Bolivia’s GDP contracted in 2025, with estimates around -2.1%, and international institutions project another contraction in 2026 ranging from -1.1% to -3.3%. The IMF’s April 2026 World Economic Outlook forecasts a 3.3% GDP decline and 20.7% inflation, while international reserves have collapsed from roughly US$15 billion in 2014 to under US$2 billion by 2025.

In response, Paz moved quickly to secure over US$8 billion in multilateral financing, with the Inter-American Development Bank committing US$4.5 billion and CAF pledging US$3.1 billion for stabilisation and recovery. The moves triggered credit rating upgrades: S&P delivered a double-notch upgrade in March 2026, and Fitch raised Bolivia one notch in January 2026, though the reformulated 2026 budget still projects a fiscal deficit of 9% of GDP and inflation of 14%.

What Bolivia Foreign Investment Means for Investors and Expats

For international investors, the convergence of US diplomatic backing, multilateral financing, and a reformist government in La Paz creates a window that has not existed in Bolivia for a generation. Sectors explicitly flagged for foreign participation include hydrocarbons rehabilitation, mining development, and potentially lithium extraction, though the latter remains exploratory and politically sensitive.
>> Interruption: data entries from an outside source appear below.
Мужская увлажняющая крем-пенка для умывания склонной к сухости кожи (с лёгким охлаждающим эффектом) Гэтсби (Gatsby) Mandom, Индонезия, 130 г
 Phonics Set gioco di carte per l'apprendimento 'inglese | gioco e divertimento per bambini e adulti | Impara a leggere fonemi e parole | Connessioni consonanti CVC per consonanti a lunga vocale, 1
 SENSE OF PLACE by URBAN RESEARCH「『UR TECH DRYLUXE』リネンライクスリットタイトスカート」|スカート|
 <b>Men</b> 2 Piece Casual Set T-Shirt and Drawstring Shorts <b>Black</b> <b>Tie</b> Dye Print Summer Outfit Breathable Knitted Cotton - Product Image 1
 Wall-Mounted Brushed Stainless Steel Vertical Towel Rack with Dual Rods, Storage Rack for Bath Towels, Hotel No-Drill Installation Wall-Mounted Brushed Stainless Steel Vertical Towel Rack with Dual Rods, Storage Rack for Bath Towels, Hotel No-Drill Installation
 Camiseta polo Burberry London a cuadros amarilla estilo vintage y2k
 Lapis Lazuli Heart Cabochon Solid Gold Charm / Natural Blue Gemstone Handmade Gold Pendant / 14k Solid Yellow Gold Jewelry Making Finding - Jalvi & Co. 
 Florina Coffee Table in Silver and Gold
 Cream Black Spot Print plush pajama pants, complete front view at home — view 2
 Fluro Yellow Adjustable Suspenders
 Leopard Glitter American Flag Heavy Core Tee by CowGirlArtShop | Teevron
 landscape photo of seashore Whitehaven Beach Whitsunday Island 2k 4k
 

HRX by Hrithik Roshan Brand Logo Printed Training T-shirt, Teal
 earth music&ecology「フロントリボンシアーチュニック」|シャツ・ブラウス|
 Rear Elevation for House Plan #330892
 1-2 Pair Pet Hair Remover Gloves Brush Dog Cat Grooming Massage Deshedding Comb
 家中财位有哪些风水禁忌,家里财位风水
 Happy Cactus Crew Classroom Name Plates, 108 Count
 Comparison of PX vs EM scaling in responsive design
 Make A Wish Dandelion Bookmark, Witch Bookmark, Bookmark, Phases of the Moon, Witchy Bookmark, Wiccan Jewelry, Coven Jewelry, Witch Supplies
Expats and frontier-market professionals should note that the operating environment remains fragile. Road blockades and protests since May 2026 have cost industry more than US$2.76 billion, according to the National Chamber of Industries, and the Paz administration faces constant pressure to deny privatisation rumours while simultaneously restructuring or winding down insolvent state firms. The government says options include making enterprises efficient, transferring some to workers or subnational governments, or closing them outright — but not selling them.

What to Watch Next

The immediate test is whether Paz can hold the political centre while implementing austerity and restructuring. Bloomberg reports that Bolivia made over US$500 million in debt payments in a single month, with US$2.3 billion in obligations due this year, intensifying the need for an IMF programme that would lock in further reforms.

For those watching Bolivia foreign investment flows, the key indicators will be any formal US investment facilitation agreement, the fate of the 15 critical state enterprises, and whether lithium access moves from exploratory talks to concrete bidding rounds. The Permanent Court of Arbitration recently ruled in Bolivia’s favour in a dispute with US mining company Orlandini, avoiding US$500 million in claimed damages — a reminder that while the rhetoric has changed, the legacy of investor-state friction still lingers.

Frequently Asked Questions

Is Bolivia now open to foreign investment?

President Rodrigo Paz’s December 2025 emergency decree explicitly aims to attract international investment by cutting fuel subsidies and stabilising public finances. The United States has publicly endorsed these reforms, and multilateral lenders have committed over US$7.6 billion, though no dedicated bilateral US investment programme has been announced yet.

How much have Bolivia’s state-owned enterprises lost?

According to an OFEP report made public in July 2026, state-owned enterprises show total accumulated patrimonial losses of approximately US$1.257 billion. Of that, 15 firms classified as critical account for just over US$500 million, with the state lithium company, state airline, and state steel firm among the worst performers.

Will Bolivia privatise its state-owned companies?

The Paz administration has publicly denied any plan to privatise state companies, calling such rumours disinformation. However, officials acknowledge the need to restructure loss-making firms and say options include making them efficient, winding down insolvent ones, or transferring some to workers or subnational governments.